The session was the first of five that the fisheries service plans in New England this week and next, to give fishermen the details of how they will file vessel trip reports, call for on-board monitors in advance, and so on.
This time there were no political bigwigs in the room as NOAA's Fisheries Service New England staffers led about 75 local fishermen and their families through the complexities of fishing regulations to be launched on May 1 under Amendment 16 to the Magnuson-Stevens Act.
The mood in the conference room at the Days Inn on Tuesday was one of resignation. There was no talk of postponing Amendment 16 to allow more study. There was only one reference to the alleged illegal shredding of documents by NOAA's chief law enforcement officer.
There were only the details of the new way of doing business that, in the words of boat owner Carlos Rafael, is "being shoved down our throats."
Nearly 500 boats in the Northeast have opted out of the sectors and will fish in the "common pool," according to NOAA. In Rafael's view, they may be doomed because they represent only a tiny fraction of the permits that are in place now, which will translate into new allocations as of May 1.
Those 500 boats will compete for just 2 million pounds of fish, while sector boats will be assigned more than 150 million pounds. That is because 98 percent of the permit holders went into sectors as of last summer's deadline, most of them feeling they had no choice, according to Rafael.
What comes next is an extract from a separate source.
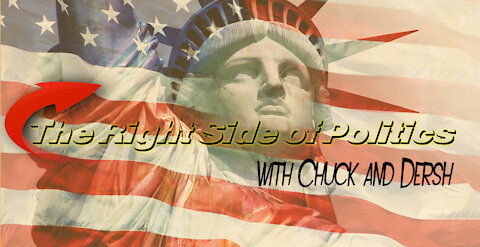 The Right Side of Politics with Chuck and Dersh 07-20-2021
Jim Kendall, president of New Bedford Seafood Consulting, contended that NOAA has no backup plan in case sector management fails, which he expects it will. And he criticized NOAA for modeling the program after two experimental sectors on Cape Cod for hook-and-line fishing. Those sectors supplied the only data NOAA has for New England, yet they are both defunct, and the boats that belonged to them are either out of business or have joined other sectors.
"Your poster child is dead," he said.